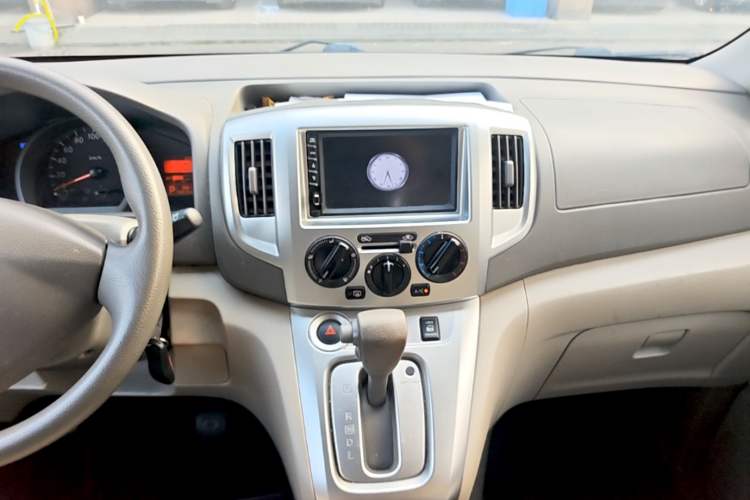 Used Nissan NV200 2018 1.6L CVT Luxury Model Audio And AC Panel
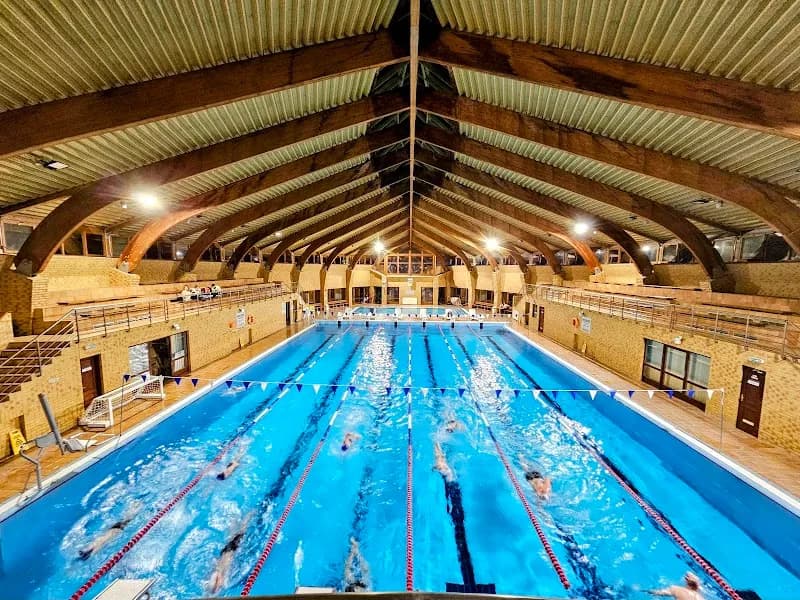 Monor Swimming Pool swimming pool in Monor, Budapest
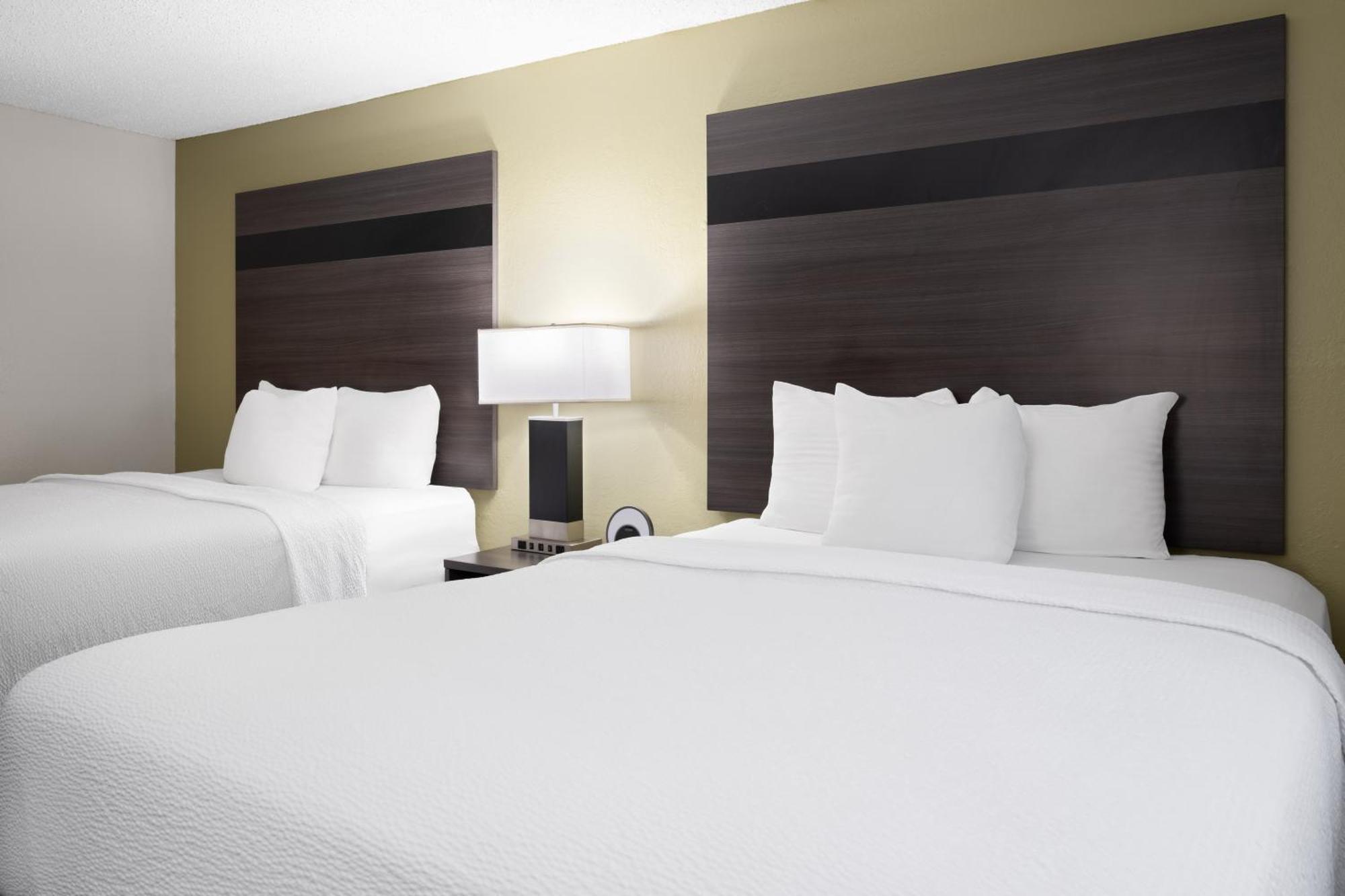Baymont Inn & Suites By Wyndham Liberty Exteriör bild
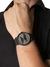 Relógio minimalista preto fosco em um pulso masculino, modelo Vanglore 3288a de 40mm.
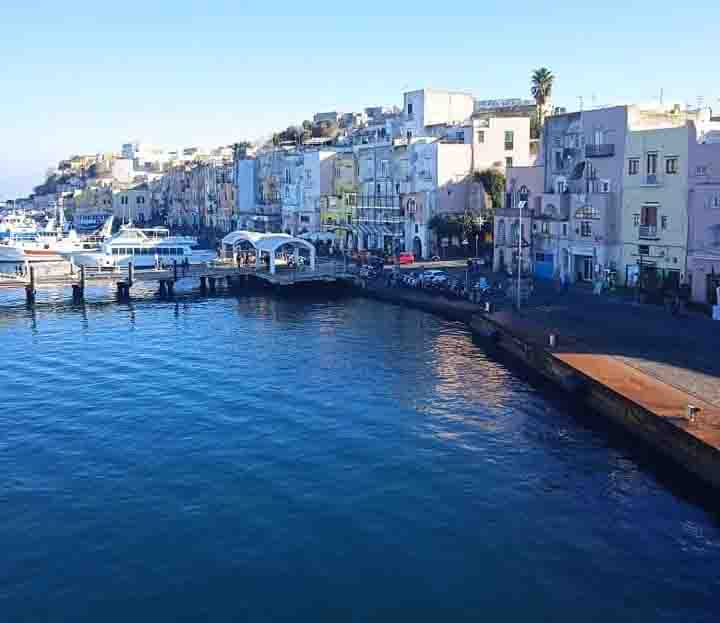 Procida Capitale della Cultura, la Regione potenzia il piano trasporti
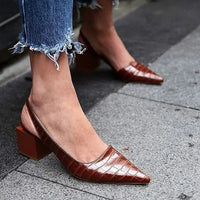 Elegante Pumps mit spitzem Zehen und Blockabsatz - Bordeauxrot
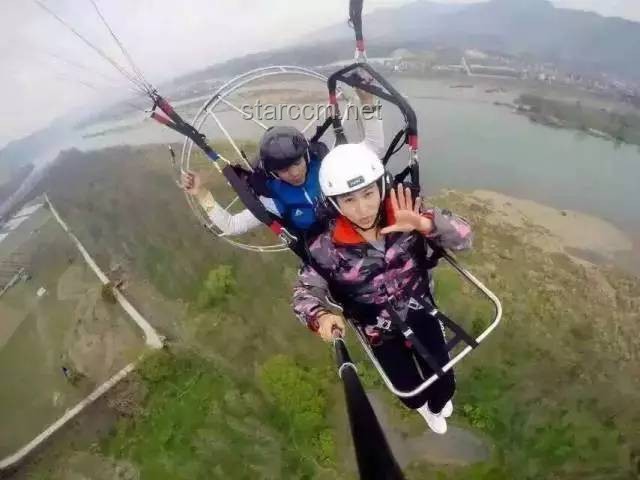 滑翔伞惊险瞬间：玩家被吸8千米高空，官方迅速介入调查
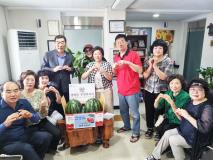 장안구 영화동 주민자치회, 중복 맞이 수박 나눔 행사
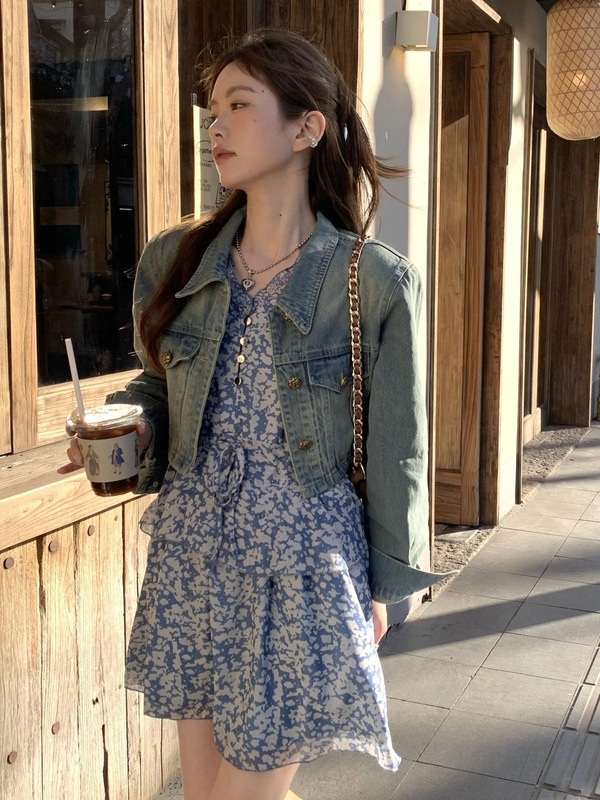 V领设计感碎花连衣裙女夏季2025新款收腰显瘦复古茶歇气质短裙ins|undefined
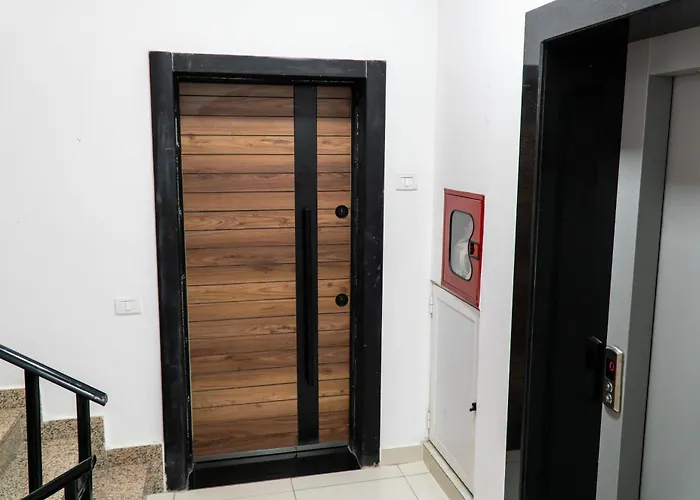 Signature 10 Tirana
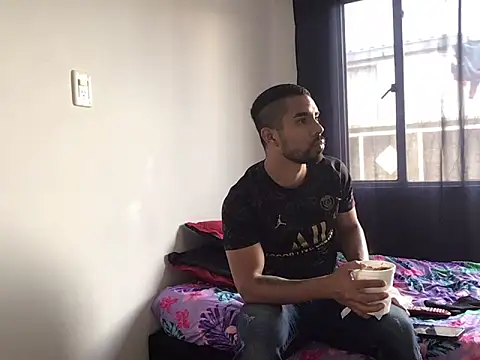 Snapshot of edu_fitness chatting on December 2024 03:25:02 PM edu fitness online show from December 2024 03:25:02 PM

*-*-*

Requirement>
From the first line to the last, reproduce the records above exactly and skip the pictures.

Solution to the problem>
 Used Nissan NV200 2018 1.6L CVT Luxury Model Audio And AC Panel
 Monor Swimming Pool swimming pool in Monor, Budapest
Baymont Inn & Suites By Wyndham Liberty Exteriör bild
 Relógio minimalista preto fosco em um pulso masculino, modelo Vanglore 3288a de 40mm.
 Procida Capitale della Cultura, la Regione potenzia il piano trasporti
 Elegante Pumps mit spitzem Zehen und Blockabsatz - Bordeauxrot
 滑翔伞惊险瞬间：玩家被吸8千米高空，官方迅速介入调查
 장안구 영화동 주민자치회, 중복 맞이 수박 나눔 행사
 V领设计感碎花连衣裙女夏季2025新款收腰显瘦复古茶歇气质短裙ins|undefined
 Signature 10 Tirana
 Snapshot of edu_fitness chatting on December 2024 03:25:02 PM edu fitness online show from December 2024 03:25:02 PM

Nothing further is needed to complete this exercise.